__Problem to solve__:
Please restate each entry that appears below word for word, without its pictures.

__Recorded data__:
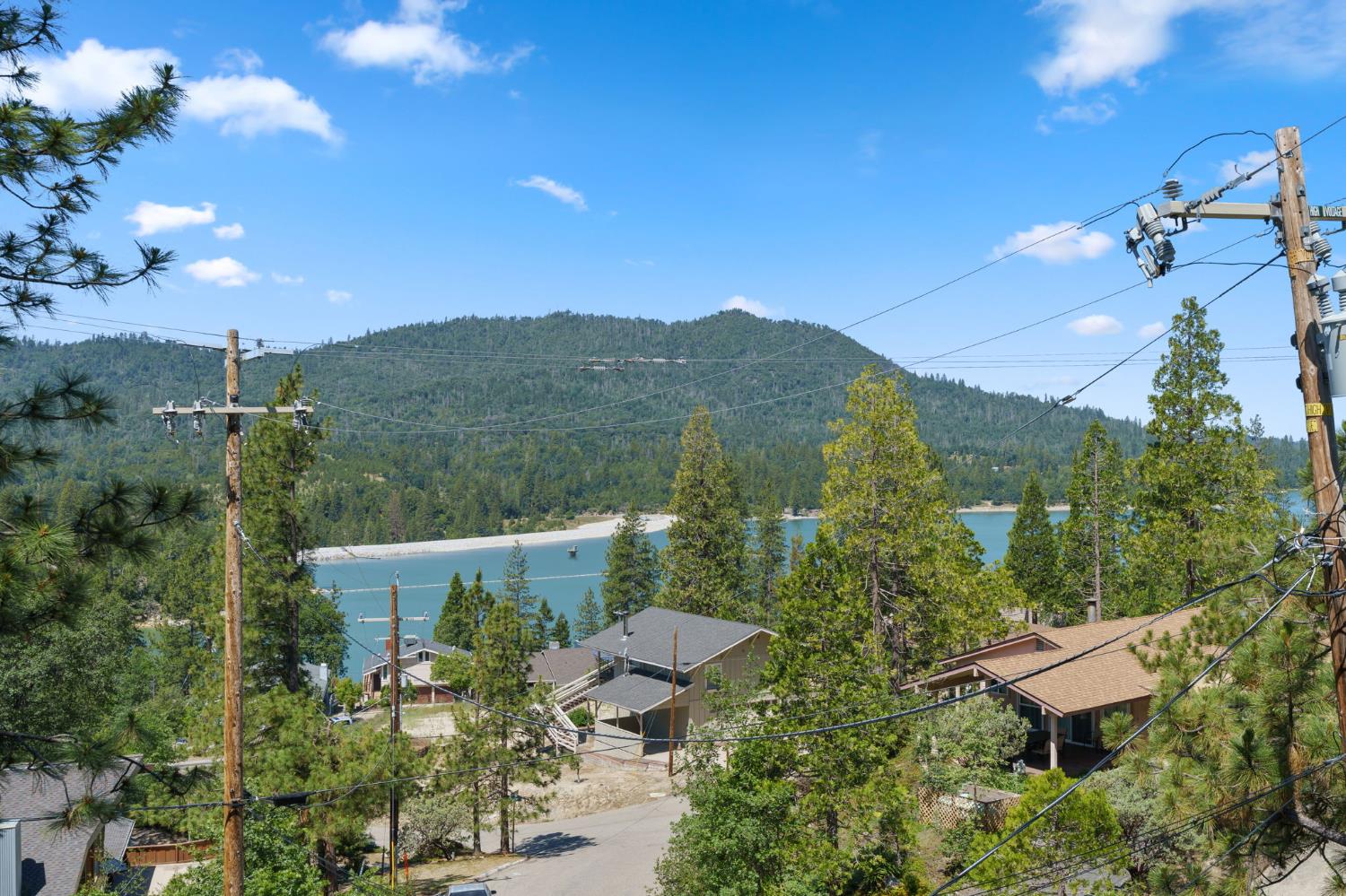 56406 Marina View Way, Bass Lake, CA 93604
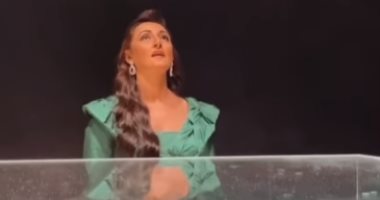 أميرة سليم تشدو بـ"أنشودة العظمة" أمام مومياء حتشبسوت فى متحف الحضارة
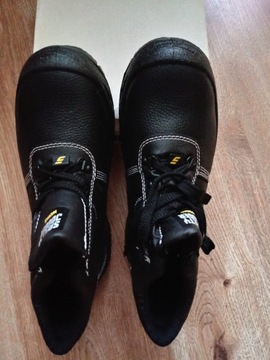 Nowe buty robocze firmy safety jogger roz 40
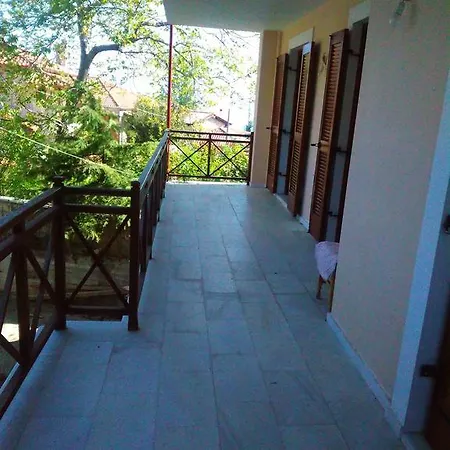 Elatos Apartmán Eptálofos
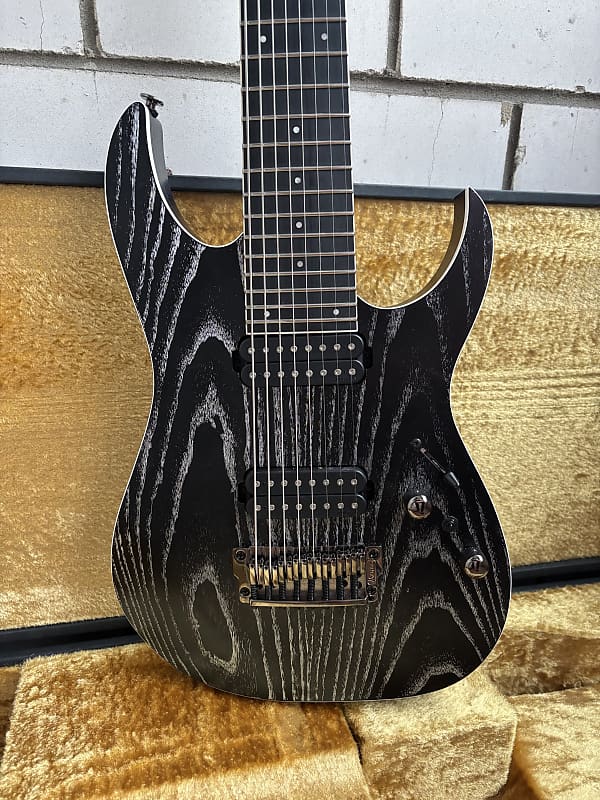 Ibanez Prestige RG5328 8弦 Ibanez RG5328 Lightning Through A Dark S/N：F2527133 【8弦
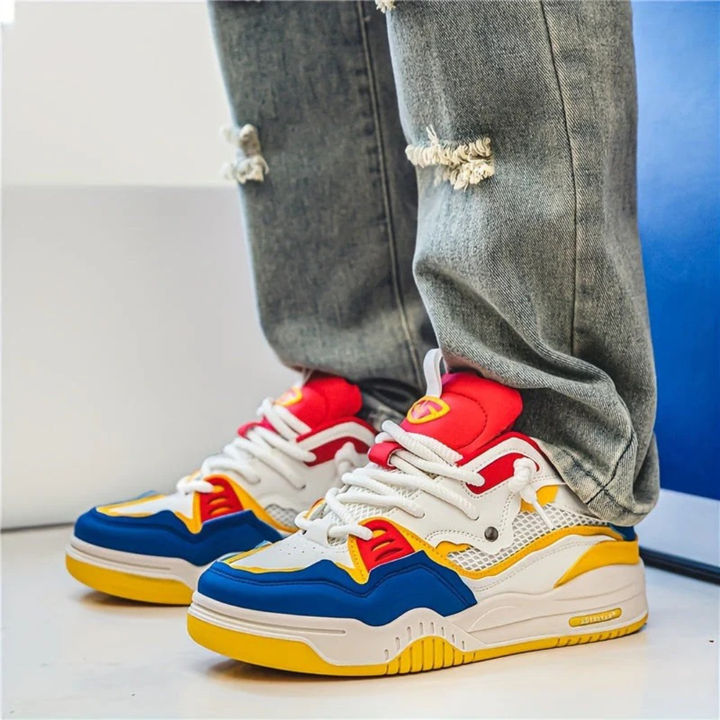 Flerfargede menns urbane sneakers, stilige og pustende komfortsko for herre.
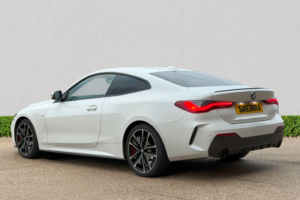 2022 BMW 4 Series 2.0 420i M Sport Coupe 2dr Petrol Auto Euro 6 (s/s) (184 Ps) in White — image 5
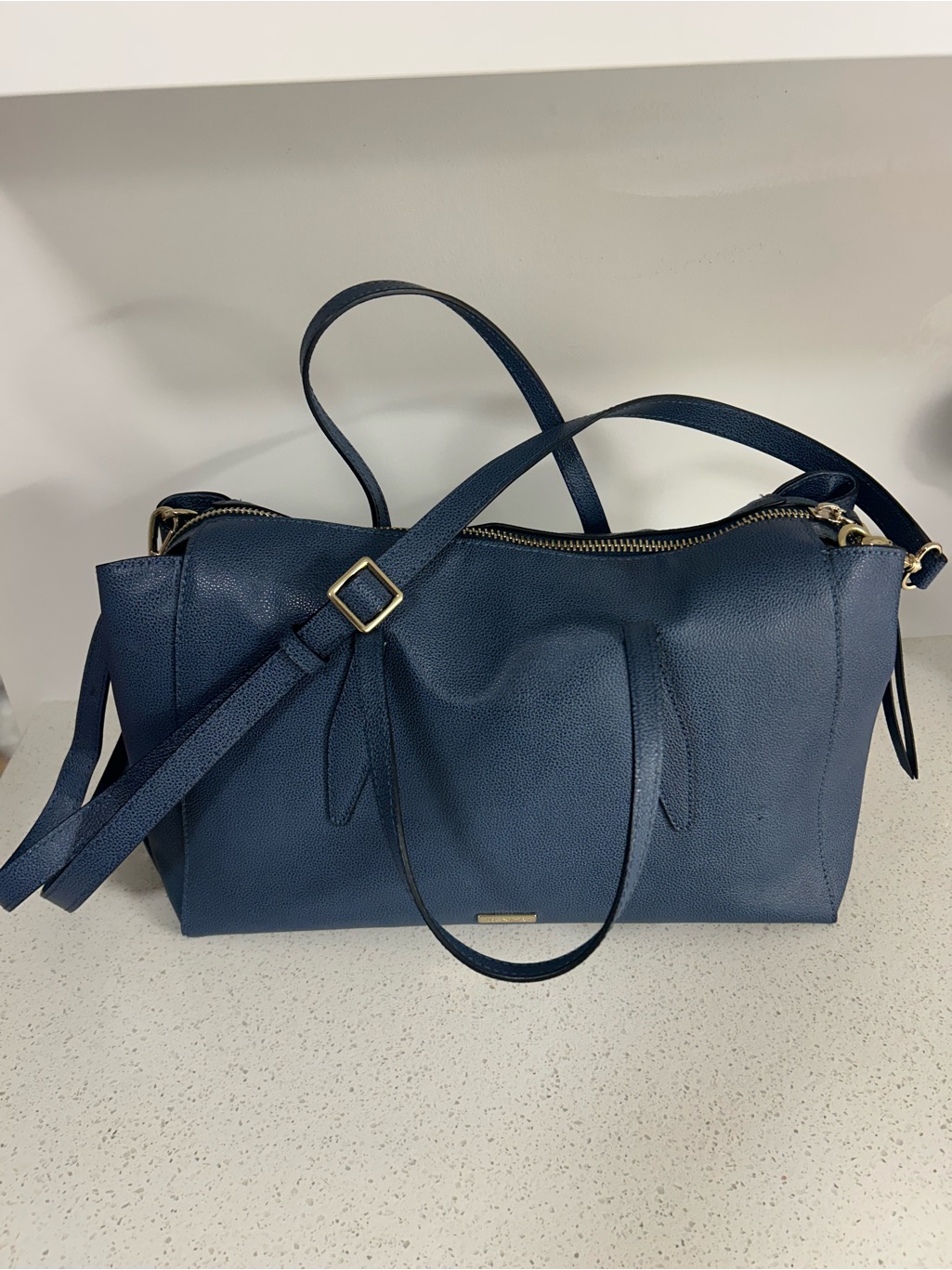 Beautiful Danier Deep Blue Leather Tote Shoulder Bag With Silver Accents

__Task answer__:
 56406 Marina View Way, Bass Lake, CA 93604
 أميرة سليم تشدو بـ"أنشودة العظمة" أمام مومياء حتشبسوت فى متحف الحضارة
 Nowe buty robocze firmy safety jogger roz 40
 Elatos Apartmán Eptálofos
 Ibanez Prestige RG5328 8弦 Ibanez RG5328 Lightning Through A Dark S/N：F2527133 【8弦
 Flerfargede menns urbane sneakers, stilige og pustende komfortsko for herre.
 2022 BMW 4 Series 2.0 420i M Sport Coupe 2dr Petrol Auto Euro 6 (s/s) (184 Ps) in White — image 5
 Beautiful Danier Deep Blue Leather Tote Shoulder Bag With Silver Accents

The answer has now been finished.